## PROBLEM DETAILS
Write out every record below exactly as it stands, leaving the pictures out.
- Opening Delimiter -
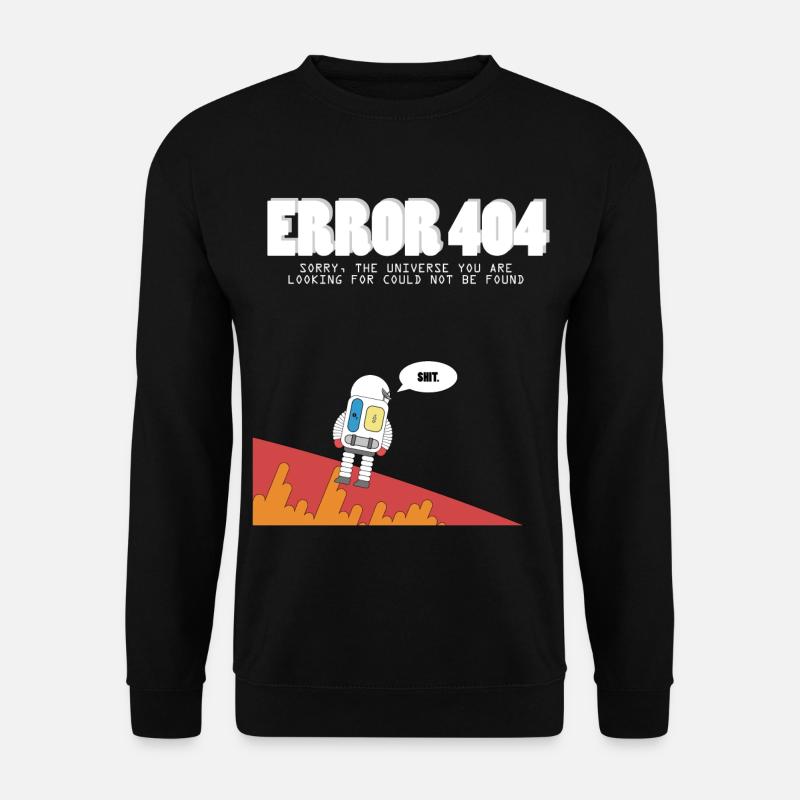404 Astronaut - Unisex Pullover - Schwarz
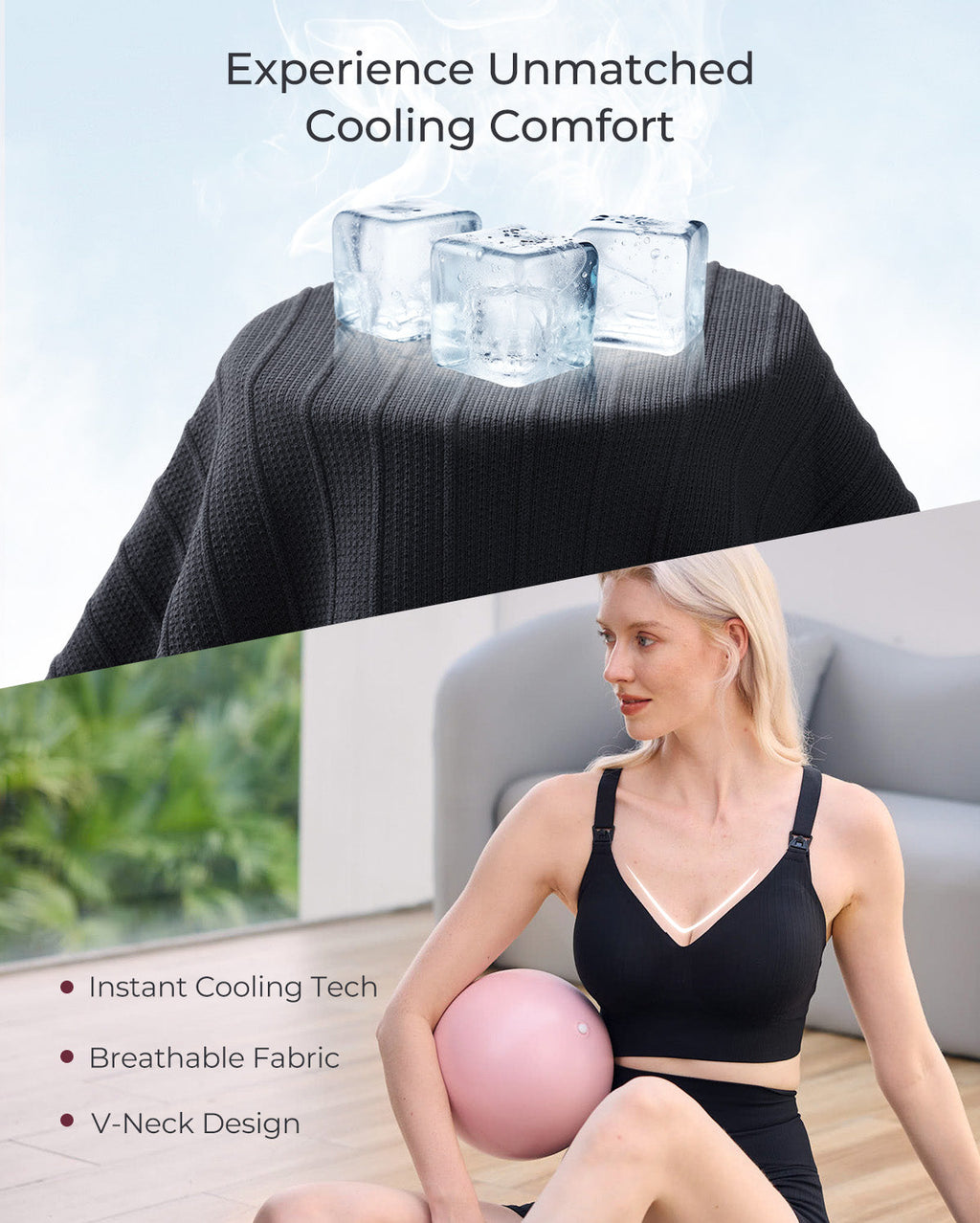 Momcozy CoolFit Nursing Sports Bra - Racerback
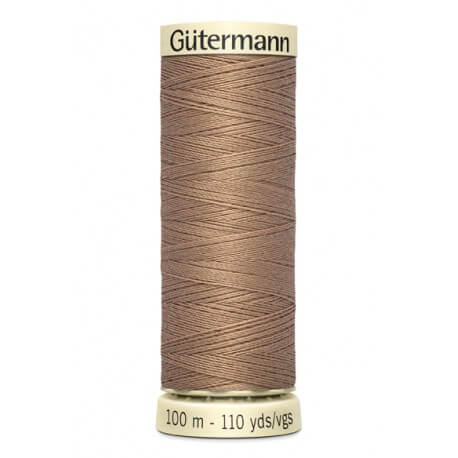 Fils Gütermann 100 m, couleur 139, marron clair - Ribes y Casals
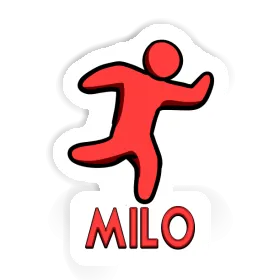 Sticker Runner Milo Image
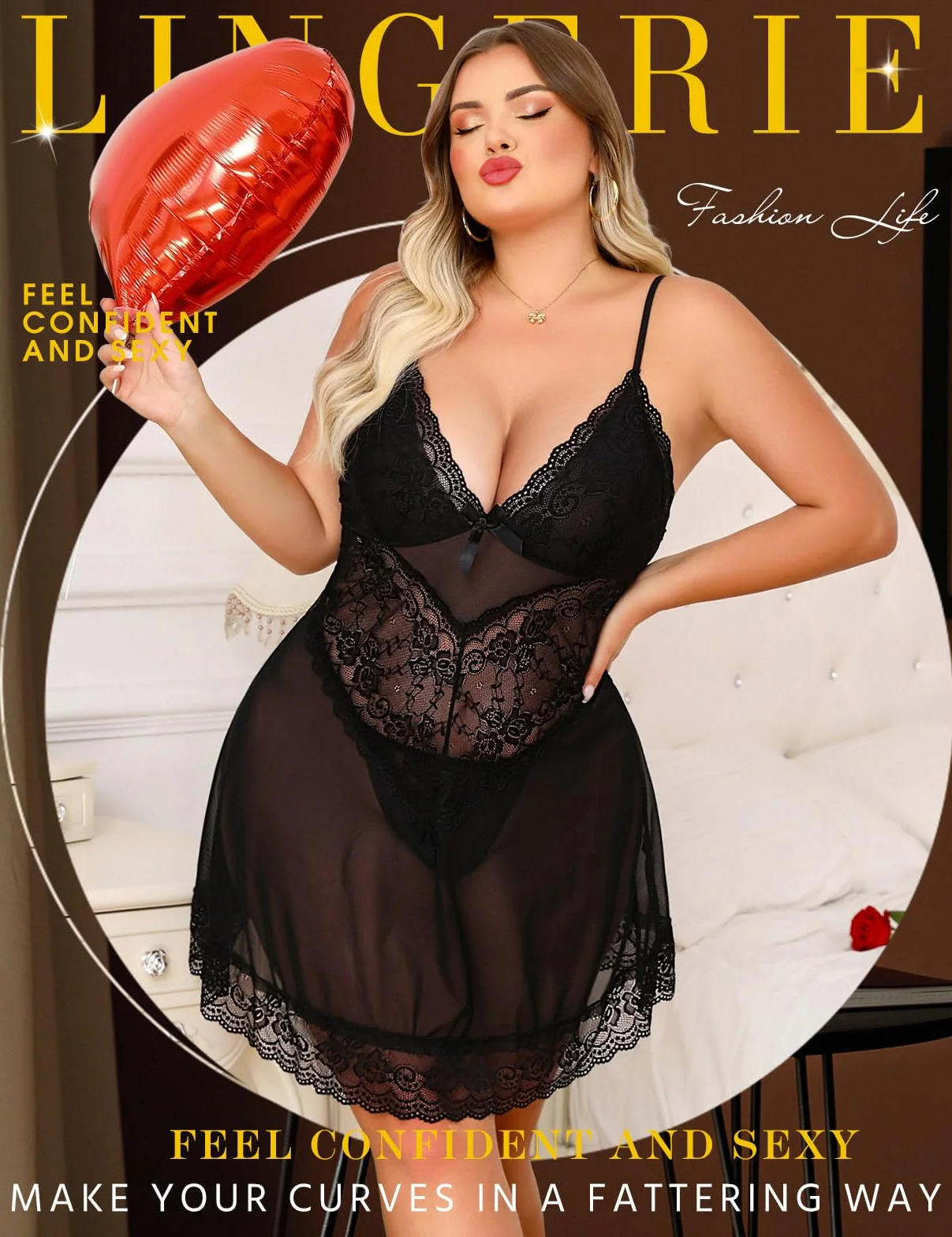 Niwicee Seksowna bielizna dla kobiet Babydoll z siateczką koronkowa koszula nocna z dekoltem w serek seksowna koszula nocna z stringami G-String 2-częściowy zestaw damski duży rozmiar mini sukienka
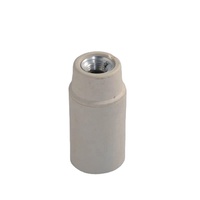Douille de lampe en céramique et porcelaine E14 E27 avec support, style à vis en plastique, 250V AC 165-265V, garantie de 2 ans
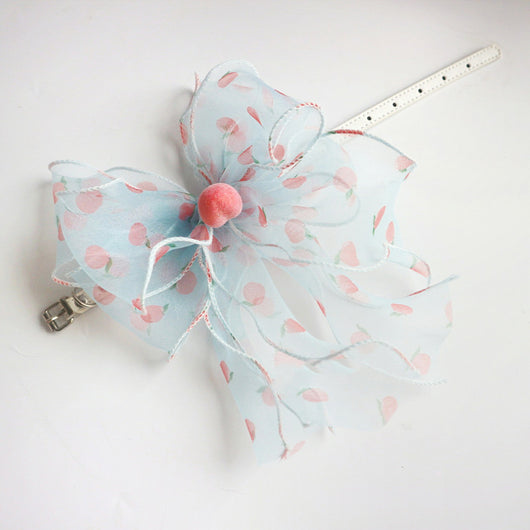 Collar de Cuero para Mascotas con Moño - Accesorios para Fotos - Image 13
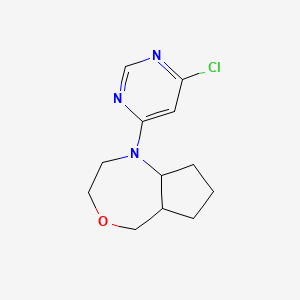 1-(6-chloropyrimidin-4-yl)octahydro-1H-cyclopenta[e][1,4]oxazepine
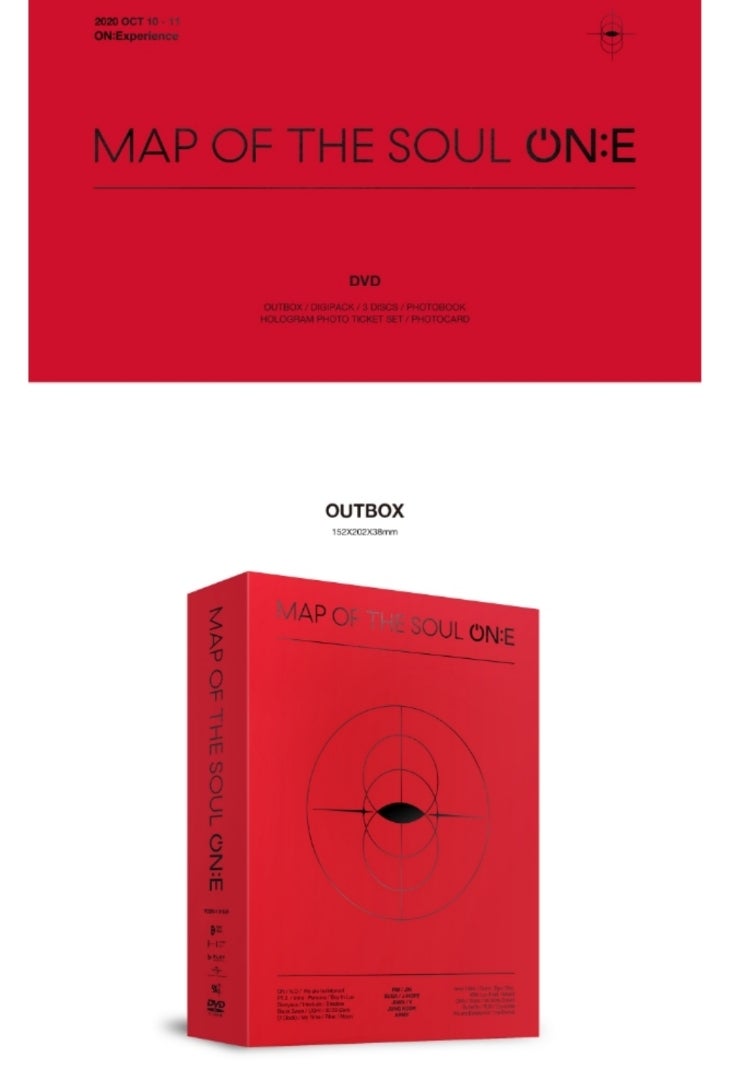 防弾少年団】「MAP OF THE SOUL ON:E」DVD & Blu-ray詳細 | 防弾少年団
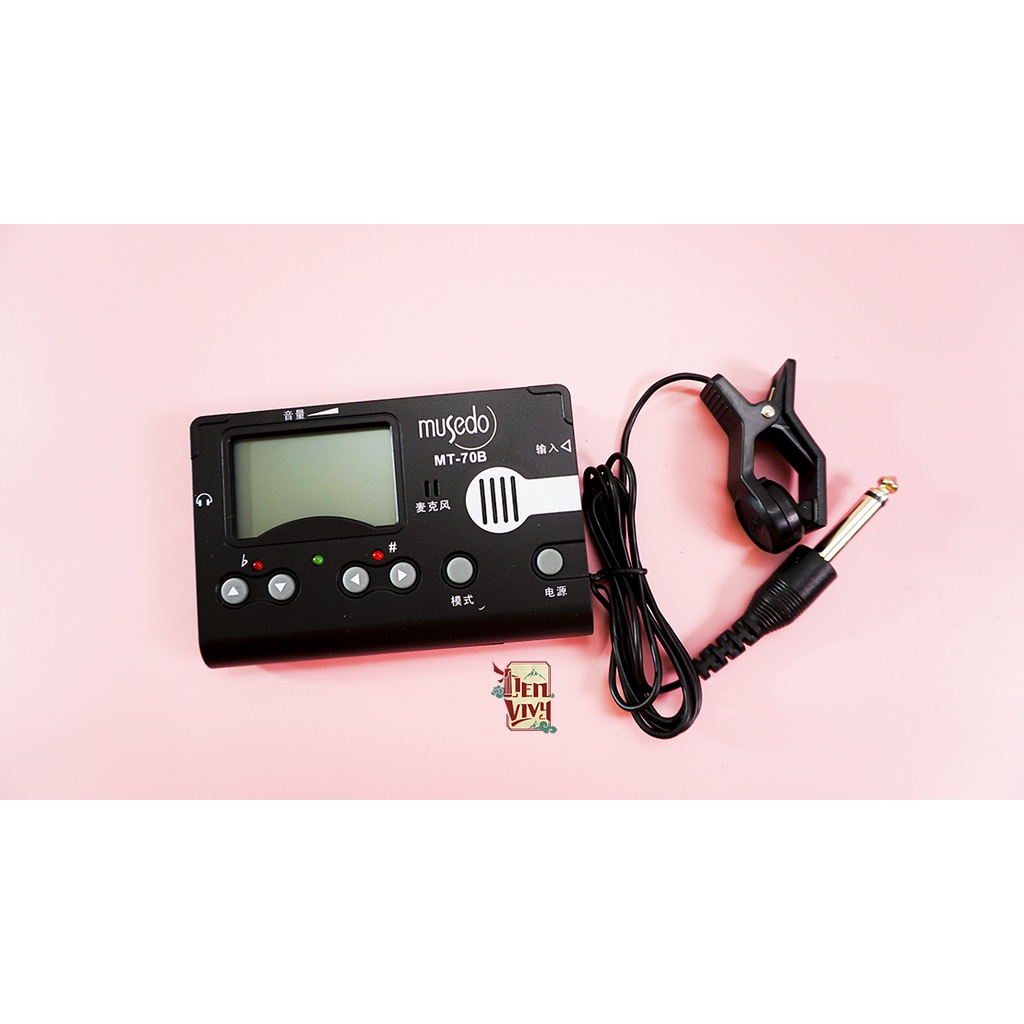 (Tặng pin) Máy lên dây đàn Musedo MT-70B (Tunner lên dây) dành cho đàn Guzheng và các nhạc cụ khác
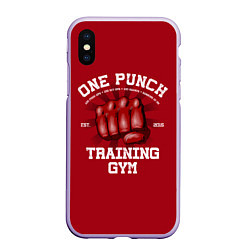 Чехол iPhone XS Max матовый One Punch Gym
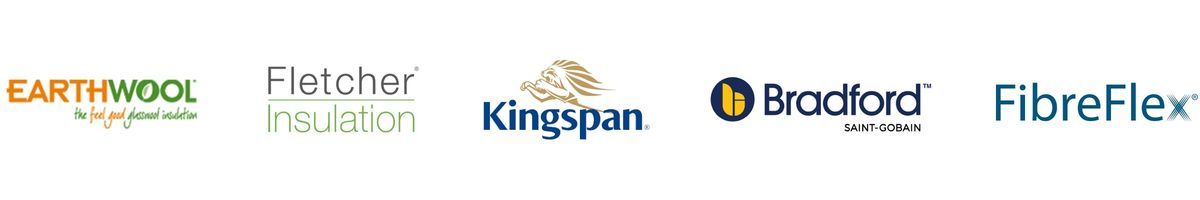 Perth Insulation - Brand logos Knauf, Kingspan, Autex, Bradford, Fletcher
- Closing Delimiter -
## YOUR SOLUTION
404 Astronaut - Unisex Pullover - Schwarz
 Momcozy CoolFit Nursing Sports Bra - Racerback
 Fils Gütermann 100 m, couleur 139, marron clair - Ribes y Casals
 Sticker Runner Milo Image
 Niwicee Seksowna bielizna dla kobiet Babydoll z siateczką koronkowa koszula nocna z dekoltem w serek seksowna koszula nocna z stringami G-String 2-częściowy zestaw damski duży rozmiar mini sukienka
Douille de lampe en céramique et porcelaine E14 E27 avec support, style à vis en plastique, 250V AC 165-265V, garantie de 2 ans
 Collar de Cuero para Mascotas con Moño - Accesorios para Fotos - Image 13
 1-(6-chloropyrimidin-4-yl)octahydro-1H-cyclopenta[e][1,4]oxazepine
 防弾少年団】「MAP OF THE SOUL ON:E」DVD & Blu-ray詳細 | 防弾少年団
 (Tặng pin) Máy lên dây đàn Musedo MT-70B (Tunner lên dây) dành cho đàn Guzheng và các nhạc cụ khác
 Чехол iPhone XS Max матовый One Punch Gym
 Perth Insulation - Brand logos Knauf, Kingspan, Autex, Bradford, Fletcher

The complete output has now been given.